It seems to the writer that if the Augustinian doctrine of Original Sin is discarded, then the Calvinist doctrine of election also falls, for if all have not sinned in Adam, then the case for pre-birth election to damnation on the basis of sin falls.
McGonigle writes, ‘the influence of Augustine’s teaching on both Roman Catholic and protestant theology has resulted in a pessimistic over-emphasis on original sin and not enough attention given to the glorious possibilities of the new life in Christ through the indwelling of the Holy Spirit’.

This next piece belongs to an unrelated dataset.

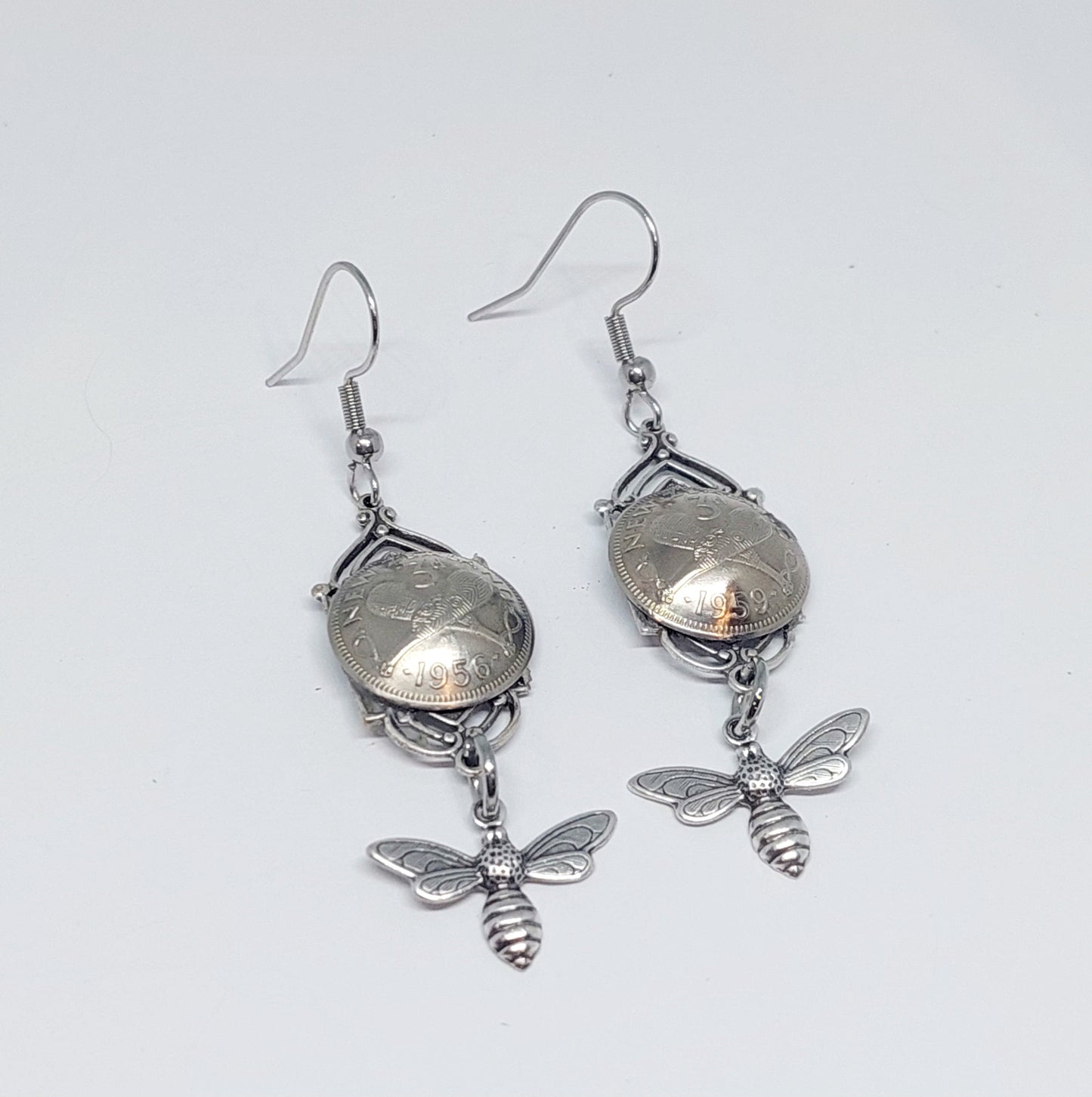 BESTSELLER! NEW!! Re-minted Art Deco Window Earrings with Bees or Dragonflies - Silver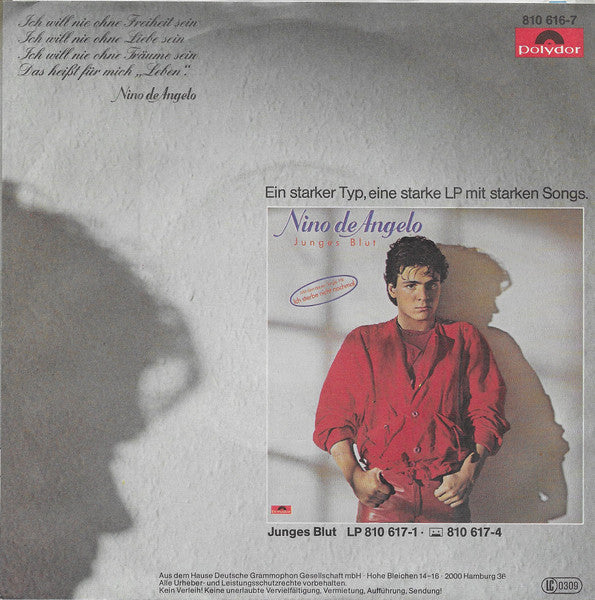 Nino De Angelo - Ich Sterbe Nicht Nochmal 34928 Vinyl Singles Vinyl Goed / Hoes Goed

The initial draft of this paper was written during Pascha-tide and the writer cannot improve upon Hallam: ‘it is Christ our God who in the icon of Pascha storms into hell and liberates the captives from the grip of death and sin. A new way has thereby been opened up for us to regain Paradise, Christ the first fruits of all those who have fallen asleep’. The focus shifts from a questionable doctrine of original sin to the offer to all of salvation in Christ and, through Christ’s ανακεφαλαιωσις, the θεοσις of all believers. In this way believers can say ‘amen’ to, and are on the soteriological road to, resurrection and life/salvation. Aνακεφαλαιωσις (inclusive of death on a cross), αναστασις (anastasis – resurrection) lead to believers’ θεοσις (theosis) and αναστασις (anastasis).